Department of Nordic Studies and Linguistics
2300 København S, Building: 22.5.51
I teach Linguistics I, Language and Psychology II and Statistics in the BA study programme in Audiologopedics. At irregular intervals I teach specialisation courses in Audiologopedic data interpretation and Project design at the MA programme in Audiologopedics.
I supervise within the fields of reading, psycholinguistics and grammatically oriented logopedics.
Research areas: Reading development and psycholinguistics
Reading ability draws on two fundamental skills: 1) The ability to recognise words based on knowledge of the letters and their sounds; and 2) general language comprehension ability, for example vocabulary, sentence comprehension and the ability to make inferences.

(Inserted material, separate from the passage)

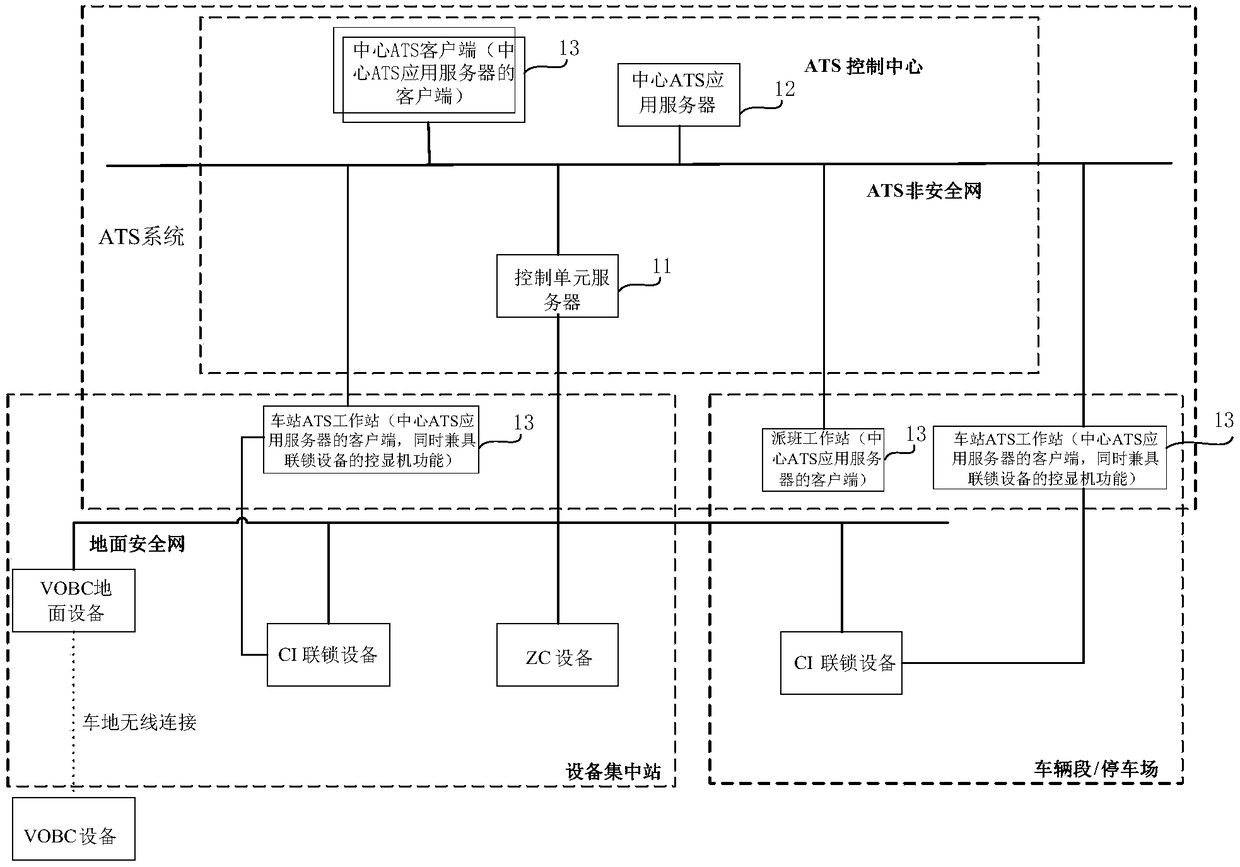 Automatic monitoring system for train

My research concerns several subfields within these two areas:
- The correlation between lexical processing and reading: There is well-established correlation between how fast children (and adults) name letters, numbers and pictures, on the one hand, and how accurately and fast they read. The cause of the correlation is, however, at present not fully understood, probably because it is multi-componential. We have investigated some of the possible components longitudinally (Juul, Poulsen & Elbro, 2014; Poulsen, Juul & Elbro, 2015) and we have shown how the type of items to be named is important for whether naming correlates with word reading or reading comprehension Poulsen & Elbro (2012).

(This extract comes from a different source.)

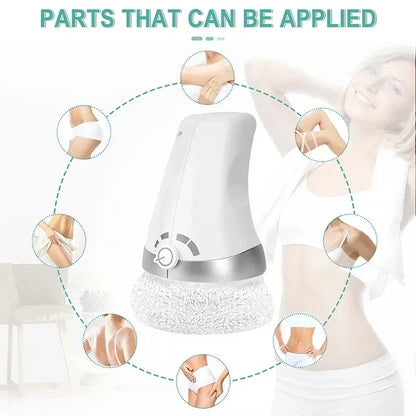 Body Massager with Electric Rolling Feature | Washable Cloth Cover, Ergonomic Handle, Soft Sponge Pad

- Identification of reading difficulties: I was involved in developing a web-based test for identification of reading difficulties for the Danish Ministry of Education. The project is unique in that the same test is used from Grade 3 to university level.

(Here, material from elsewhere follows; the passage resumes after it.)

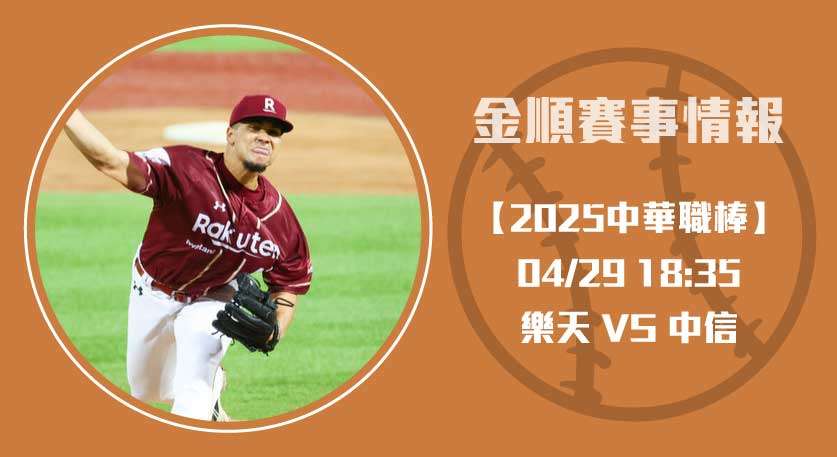中華職棒爆點戰！ 樂天 VS 兄弟 今晚火拼 中職賽況全揭露20250429 CPBL 中華職棒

- Computer-assisted instruction in early reading instruction: As tablets become common in the early grades, the opportunities for using interactive teaching materials in general education are becoming practically viable. We have developed and tested an app to supplement early instruction. The self-explanatory app introduces and exercises knowledge of letters, their sounds and the concept of phonemes, and it guides the students through reading short, regular words. The project is funded by the Danish Ministry of Education.
- Sentence comprehension: To understand a sentence, you need to extract information from the word order: "John hits Mary” means something different to “Mary hits John”. Some sentence structures, however, can be more difficult to understand, for example passive sentences like “John was hit by Mary”, depending on the context. I have been involved in investigating the comprehension of long-distance dependencies (Poulsen, 2008) and the role of context in comprehension of OVS sentences (Burholt, Engberg-Petersen & Poulsen, in press; Thomsen & Poulsen, 2015). It appears that there are some individual differences in how well people comprehend such non-canonical sentences. For example, children appear to find them more difficult than adults. We have found that there is a correlation between how well grade 5 students understand such sentences and their reading comprehension (Poulsen & Gravgaard, 2016).